Does anyone know about Robin Hood bows? Is that a reputable brand? Is there any way I can find about about how old it is?

Thanks!

--Chris


----------



## Micahn (Nov 19, 2005)

Must not be a real brand name as can not find anything about it online. You can not find some other sort of brand on it ?


----------



## pheasantplucker (Feb 20, 2007)

If it is a reputable bow shop, he is probably giving you the straight poop. If the bow is twelve or more years old, or a brand that has features that are unique, he probably would have an impossible time of finding parts. Bows have evolved greatly in the past decade. Now a long bow (not a compound) would be a different story altogether. Good luck, and do get into archery. It's one of the more enjoyable ways of spending a lazy afternoon. I'm addicted.


----------



## DrippingSprings (Sep 22, 2004)

Allen archery made the dynamo. Old design. I mean like 1970s old. I think allen introduced the world to compound bows in 1974 and if you have a first year Allen "Robin Hood Dynamo" it could be worth something to a collector. 

# Bow & Arrow publication Dec. 1975.
# Bow 7 Arrow publication of Apr. 1980.
# Advertising from Allen, The Original Compound Bow, Dec. 1975.
# Dynamo (Models M-10 Cheetah & Jim Cox Magnum) Instruction Manual Excert, mid-1970's.

http://www.archeryhistory.com/compounds/70.htm


----------



## DrippingSprings (Sep 22, 2004)

http://www.azod.com/Archery/Archive/2001/The First Compound Bow.htm


----------



## uarelovedbygod (Nov 1, 2003)

Drippingsprings,

Thanks for the info.
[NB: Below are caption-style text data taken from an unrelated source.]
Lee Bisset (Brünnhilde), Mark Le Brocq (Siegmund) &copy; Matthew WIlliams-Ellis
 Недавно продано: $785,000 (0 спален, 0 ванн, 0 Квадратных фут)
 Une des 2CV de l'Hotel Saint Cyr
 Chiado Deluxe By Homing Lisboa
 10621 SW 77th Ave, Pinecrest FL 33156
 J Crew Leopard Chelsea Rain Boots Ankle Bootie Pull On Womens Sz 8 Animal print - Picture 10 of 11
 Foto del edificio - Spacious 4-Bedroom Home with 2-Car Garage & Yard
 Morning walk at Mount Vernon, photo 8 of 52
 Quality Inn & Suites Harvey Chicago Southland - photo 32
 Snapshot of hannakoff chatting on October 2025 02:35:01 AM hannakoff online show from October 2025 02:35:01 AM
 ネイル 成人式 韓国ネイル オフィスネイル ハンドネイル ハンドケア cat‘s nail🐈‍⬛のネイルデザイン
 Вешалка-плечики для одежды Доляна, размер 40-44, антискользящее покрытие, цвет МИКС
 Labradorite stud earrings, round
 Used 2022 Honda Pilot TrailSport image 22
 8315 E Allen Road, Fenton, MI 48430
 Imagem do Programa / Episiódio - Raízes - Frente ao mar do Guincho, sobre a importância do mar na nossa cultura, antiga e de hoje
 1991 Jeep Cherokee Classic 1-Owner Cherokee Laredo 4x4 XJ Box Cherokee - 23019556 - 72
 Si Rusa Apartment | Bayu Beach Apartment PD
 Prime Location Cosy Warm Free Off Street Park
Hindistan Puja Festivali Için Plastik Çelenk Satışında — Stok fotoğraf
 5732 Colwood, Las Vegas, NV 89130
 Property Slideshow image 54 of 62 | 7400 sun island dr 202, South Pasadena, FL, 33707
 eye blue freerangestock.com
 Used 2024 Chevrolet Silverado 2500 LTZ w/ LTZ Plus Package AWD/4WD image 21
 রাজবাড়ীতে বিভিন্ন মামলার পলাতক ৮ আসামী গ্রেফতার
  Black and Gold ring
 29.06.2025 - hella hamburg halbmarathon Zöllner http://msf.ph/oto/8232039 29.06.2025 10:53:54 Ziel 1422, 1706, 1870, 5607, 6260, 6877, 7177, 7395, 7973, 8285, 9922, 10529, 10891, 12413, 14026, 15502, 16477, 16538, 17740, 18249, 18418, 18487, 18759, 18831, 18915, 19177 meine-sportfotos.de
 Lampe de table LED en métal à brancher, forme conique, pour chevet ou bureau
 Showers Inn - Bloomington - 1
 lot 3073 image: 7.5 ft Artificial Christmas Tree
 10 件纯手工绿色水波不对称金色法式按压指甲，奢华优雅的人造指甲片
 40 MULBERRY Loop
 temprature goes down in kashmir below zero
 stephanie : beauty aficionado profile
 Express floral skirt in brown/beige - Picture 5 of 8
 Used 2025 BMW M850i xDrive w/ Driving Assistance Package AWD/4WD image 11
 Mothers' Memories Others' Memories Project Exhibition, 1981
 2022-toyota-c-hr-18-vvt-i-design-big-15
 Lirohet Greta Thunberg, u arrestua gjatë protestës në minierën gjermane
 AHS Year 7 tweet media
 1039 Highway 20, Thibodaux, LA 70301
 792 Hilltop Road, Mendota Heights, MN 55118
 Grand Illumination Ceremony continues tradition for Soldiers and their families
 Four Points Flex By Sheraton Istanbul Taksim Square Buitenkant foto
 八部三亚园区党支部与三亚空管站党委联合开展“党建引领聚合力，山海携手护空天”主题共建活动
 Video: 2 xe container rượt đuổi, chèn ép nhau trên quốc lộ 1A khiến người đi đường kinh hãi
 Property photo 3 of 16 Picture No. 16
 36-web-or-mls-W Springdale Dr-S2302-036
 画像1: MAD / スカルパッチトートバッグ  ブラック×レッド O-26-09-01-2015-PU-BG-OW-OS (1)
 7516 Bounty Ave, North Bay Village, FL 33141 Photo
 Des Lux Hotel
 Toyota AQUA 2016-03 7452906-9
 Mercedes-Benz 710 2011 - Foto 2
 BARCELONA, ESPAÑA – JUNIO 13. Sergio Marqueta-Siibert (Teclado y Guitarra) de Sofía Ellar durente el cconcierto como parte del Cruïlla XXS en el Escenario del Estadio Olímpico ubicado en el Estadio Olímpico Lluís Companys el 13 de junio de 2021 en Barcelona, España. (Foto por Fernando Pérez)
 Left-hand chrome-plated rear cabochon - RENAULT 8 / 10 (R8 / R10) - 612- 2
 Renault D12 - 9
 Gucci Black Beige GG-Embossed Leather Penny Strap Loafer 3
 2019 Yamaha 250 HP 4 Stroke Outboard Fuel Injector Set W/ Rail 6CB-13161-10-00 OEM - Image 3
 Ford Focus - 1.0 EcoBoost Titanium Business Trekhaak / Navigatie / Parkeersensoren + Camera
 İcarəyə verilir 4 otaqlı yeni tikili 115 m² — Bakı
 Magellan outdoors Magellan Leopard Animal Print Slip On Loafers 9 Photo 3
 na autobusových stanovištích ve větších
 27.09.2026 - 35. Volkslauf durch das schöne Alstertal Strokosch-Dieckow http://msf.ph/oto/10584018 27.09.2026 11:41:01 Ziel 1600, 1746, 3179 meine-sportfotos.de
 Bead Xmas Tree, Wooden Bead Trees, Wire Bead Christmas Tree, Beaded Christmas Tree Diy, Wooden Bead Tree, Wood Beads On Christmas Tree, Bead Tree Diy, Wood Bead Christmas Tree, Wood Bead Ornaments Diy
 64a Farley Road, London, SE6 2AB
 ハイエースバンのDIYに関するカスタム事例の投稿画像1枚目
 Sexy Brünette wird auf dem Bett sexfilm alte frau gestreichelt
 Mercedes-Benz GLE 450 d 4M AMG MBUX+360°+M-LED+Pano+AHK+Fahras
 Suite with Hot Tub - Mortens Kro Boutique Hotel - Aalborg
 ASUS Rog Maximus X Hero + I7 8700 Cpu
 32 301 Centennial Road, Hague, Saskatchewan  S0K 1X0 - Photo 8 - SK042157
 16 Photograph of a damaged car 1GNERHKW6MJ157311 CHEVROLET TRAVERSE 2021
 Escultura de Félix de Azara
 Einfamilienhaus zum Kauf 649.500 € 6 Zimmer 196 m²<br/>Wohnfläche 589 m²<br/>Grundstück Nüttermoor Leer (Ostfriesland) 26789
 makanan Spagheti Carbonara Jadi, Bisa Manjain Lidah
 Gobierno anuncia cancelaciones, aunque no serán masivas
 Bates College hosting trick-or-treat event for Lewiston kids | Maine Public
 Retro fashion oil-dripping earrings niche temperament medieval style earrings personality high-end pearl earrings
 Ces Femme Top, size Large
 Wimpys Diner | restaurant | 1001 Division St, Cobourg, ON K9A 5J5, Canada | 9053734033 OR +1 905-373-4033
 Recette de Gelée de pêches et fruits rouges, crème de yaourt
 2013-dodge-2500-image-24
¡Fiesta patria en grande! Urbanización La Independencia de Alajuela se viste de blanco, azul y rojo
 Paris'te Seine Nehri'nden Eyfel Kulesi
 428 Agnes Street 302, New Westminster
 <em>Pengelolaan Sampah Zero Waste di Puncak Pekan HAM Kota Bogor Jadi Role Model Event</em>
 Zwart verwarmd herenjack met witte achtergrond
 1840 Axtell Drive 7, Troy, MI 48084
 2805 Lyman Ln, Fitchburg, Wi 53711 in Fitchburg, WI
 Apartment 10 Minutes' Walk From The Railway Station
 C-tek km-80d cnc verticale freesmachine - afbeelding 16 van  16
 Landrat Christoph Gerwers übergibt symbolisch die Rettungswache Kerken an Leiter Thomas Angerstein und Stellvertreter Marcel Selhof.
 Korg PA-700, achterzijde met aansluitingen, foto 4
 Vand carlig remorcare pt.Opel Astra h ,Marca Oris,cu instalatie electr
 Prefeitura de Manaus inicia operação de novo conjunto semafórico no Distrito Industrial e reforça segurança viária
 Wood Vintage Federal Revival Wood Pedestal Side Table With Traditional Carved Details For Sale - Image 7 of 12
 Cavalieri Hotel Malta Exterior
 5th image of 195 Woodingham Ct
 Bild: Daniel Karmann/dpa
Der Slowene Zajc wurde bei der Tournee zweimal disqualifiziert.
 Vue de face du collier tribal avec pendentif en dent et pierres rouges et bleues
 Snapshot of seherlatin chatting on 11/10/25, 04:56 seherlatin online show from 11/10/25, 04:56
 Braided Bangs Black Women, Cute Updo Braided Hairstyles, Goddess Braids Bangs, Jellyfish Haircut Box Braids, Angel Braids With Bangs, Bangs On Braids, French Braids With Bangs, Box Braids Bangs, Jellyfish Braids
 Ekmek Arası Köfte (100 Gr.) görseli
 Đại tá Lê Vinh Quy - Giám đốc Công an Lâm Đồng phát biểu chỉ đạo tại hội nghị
The owner of the archery store told me he would never shoot an arrow with an older bow like that...concerned about the cable or string or the bow itself breaking.

I don't have any personal attachment to this bow (like I said, my wife found it at a yard sale!). If it is valuable in the hands of a collector, I will gladly exchange it for a newer bow. Do you have a website I could look up to see the bow's worth? Is there an online collector website you can refer me to? 

Thanks!

--Chris


----------



## Bearfootfarm (Jul 13, 2006)

Cables and strings are "generic" in that they are all made of the same materials, and only the lengths are different. They can be fabricated for ANY bow, but one that old isnt worth putting the money into, IMO

Also, a bow is a very personal weapon. It has to fit YOU, so getting one at a yard sale without knowing the draw length is not the best way to get started with one.

If you really want to learn to shoot a compound, spend the money to get a newer bow that is right for YOU. It doesnt have to be all that expensive, but it DOES have to fit


----------



## zant (Dec 1, 2005)

What IS dangerous on old bows is the limbs breaking/snapping...I don't know squat about bows,but my son saw this and said put it on a wall and buy a good bow.


----------



## meateater (Jul 6, 2018)

Did you ever get any info on this bow? I just found one in my uncle's attic but it looks like it needs a new bowstring and cables


----------



## shawnlee (Apr 13, 2010)

Nothing beats a good fitted bow, but having said that,....I have used a way to huge/heavy bear recurve when I was kid and cheap compound that had seen better days...if it is powerful enough and you can shoot it well, then whatever works works...….


I once killed a nice 10 point in the woods while smokin a cig,...he had flowed the smoke smell right up to me in silence, I looked to the right to see him when he got a snoot full of cig smoke and snorted, he was soo close it choked him up....LOL


You can make a mountain from a molehill fast when hunting......they will have you bathing in certain water, with certain soaps, wearing carbin filled scent blocking clothing and sprayin deer urine on yourself.



I have hunted in regular street clothes, washed with lavender scented soaps, wearing under arm deodorant with a antiquated equipment, sitting on the ground smoking a cig and done fine....I have also not got one before...kinda the same as the Gucci hunters.


There are some circumstances where that sort of equipment is critical and makes a huge difference......I just never hunt in those types of situations, your needs might vary.


Mountains of deer have been and will be harvested by people in work overalls using some old hand me down bow or farm rifle.......smokin a gar or pipe after consuming some brandy for warmth...… 


Hunting device and some blaze orange...…….every thing else is optional...….


----------



## Fishindude (May 19, 2015)

I would not put any money into an old bow like that.
Good late model used compound bows are very available and can be purchased for a fraction of new cost. There are lots of avid archers out there that trade their rigs in every year or two for the current latest and greatest. Their two year old used stuff will be great equipment and typically will be already set up with all of the accessories; quiver, rest, sights, etc.


----------